A bill which fixes the time of closing saloons, etc., in unincorporated sections at 1 o'clock A. M. to 6 o'clock A. M., with penalties for violation.

An act prohibiting the selling, etc., of intoxicating beverages upon school house premises. Penalties added.

Several of the larger cities have in the past few years passed municipal ordinances closing the saloons from 12 P. M. and 1 A.M. to 6 A. M.; also several cities have Sunday closing from 12 or 1 A. M. to 1 P. M. and 2 P. M. Sunday.

This legislation is left to localities and it is believed, when supported by public sentiment or demand, to be beneficial, since criticism of the business is greatly lessened by employers, etc., Sunday legislation, however, is generally opposed by our trade, since it leads to more drastic attempts at restriction.

In Missoula recently placed under the Commission form of Government (Des Moines plan), the question of Sunday closing was changed by popular vote, from all-day closing to closing until 2 P. M. and remaining open until 10 P. M. on Sundays.

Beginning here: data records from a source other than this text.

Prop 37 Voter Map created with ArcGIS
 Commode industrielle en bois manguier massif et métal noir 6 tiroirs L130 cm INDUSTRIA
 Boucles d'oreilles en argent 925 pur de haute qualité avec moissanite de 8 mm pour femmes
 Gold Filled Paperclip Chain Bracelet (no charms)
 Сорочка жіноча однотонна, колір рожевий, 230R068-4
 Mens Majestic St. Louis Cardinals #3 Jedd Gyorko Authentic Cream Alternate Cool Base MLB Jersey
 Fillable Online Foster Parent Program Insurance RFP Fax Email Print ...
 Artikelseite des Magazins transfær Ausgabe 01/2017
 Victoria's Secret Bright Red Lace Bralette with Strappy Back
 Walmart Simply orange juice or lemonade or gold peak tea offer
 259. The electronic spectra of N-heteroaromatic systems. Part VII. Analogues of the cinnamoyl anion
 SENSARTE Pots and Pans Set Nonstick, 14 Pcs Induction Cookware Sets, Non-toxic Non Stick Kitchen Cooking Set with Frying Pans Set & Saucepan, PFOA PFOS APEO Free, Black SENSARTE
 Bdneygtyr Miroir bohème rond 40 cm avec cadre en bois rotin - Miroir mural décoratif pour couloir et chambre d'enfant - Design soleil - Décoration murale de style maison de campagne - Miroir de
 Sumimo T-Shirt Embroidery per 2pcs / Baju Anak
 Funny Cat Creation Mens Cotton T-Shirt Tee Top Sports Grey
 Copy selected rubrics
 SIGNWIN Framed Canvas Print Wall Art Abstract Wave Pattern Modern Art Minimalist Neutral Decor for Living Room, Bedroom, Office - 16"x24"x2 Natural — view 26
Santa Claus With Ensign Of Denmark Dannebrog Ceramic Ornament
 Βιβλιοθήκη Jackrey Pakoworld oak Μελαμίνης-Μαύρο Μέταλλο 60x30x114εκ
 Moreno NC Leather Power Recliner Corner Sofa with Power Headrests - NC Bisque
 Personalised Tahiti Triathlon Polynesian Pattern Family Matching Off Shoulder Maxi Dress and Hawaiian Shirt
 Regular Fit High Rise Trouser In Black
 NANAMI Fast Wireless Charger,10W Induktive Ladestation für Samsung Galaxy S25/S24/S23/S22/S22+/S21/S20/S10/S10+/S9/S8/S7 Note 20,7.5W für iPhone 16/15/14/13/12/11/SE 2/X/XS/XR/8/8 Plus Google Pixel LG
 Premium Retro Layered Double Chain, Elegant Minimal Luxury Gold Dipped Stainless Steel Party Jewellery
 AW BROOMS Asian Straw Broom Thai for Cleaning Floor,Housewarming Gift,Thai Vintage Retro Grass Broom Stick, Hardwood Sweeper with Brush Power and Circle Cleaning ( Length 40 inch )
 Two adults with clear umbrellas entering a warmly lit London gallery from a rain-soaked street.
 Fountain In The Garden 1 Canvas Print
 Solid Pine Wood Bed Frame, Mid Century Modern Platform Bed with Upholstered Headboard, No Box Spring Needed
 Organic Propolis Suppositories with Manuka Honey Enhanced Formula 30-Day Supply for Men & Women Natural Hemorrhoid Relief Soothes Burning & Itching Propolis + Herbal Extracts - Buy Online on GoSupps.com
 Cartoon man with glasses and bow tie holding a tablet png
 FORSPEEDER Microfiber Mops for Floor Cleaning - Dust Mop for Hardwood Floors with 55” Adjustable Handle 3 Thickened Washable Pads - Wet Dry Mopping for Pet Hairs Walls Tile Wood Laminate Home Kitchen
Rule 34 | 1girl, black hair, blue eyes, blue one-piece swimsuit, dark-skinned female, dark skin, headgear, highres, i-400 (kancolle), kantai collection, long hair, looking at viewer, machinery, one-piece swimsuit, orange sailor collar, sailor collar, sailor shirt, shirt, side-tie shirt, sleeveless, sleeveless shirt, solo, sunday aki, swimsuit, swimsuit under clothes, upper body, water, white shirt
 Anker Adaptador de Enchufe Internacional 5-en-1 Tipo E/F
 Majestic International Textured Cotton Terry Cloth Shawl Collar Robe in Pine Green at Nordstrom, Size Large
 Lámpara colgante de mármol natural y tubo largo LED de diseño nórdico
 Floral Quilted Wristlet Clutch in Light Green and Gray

Beyond an interpretation upon the License Limitation Act, Senate Bill No. 33, mentioned in this communication, there have been no material decisions rendered.

The U. S. Government is vigorously prosecuting offenses against the sale of liquor upon Indian Reservations, although in a number of cases it has been shown that evidence against defendants was apparently secured by witnesses who acted in the capacity of decoys, and thus lured defendants on to crime.

Nebraska.-In Nebraska the town and village elections gave a distinct advantage to the license element. Beatrice and Auburn were among the large towns that changed from "dry" to "wet."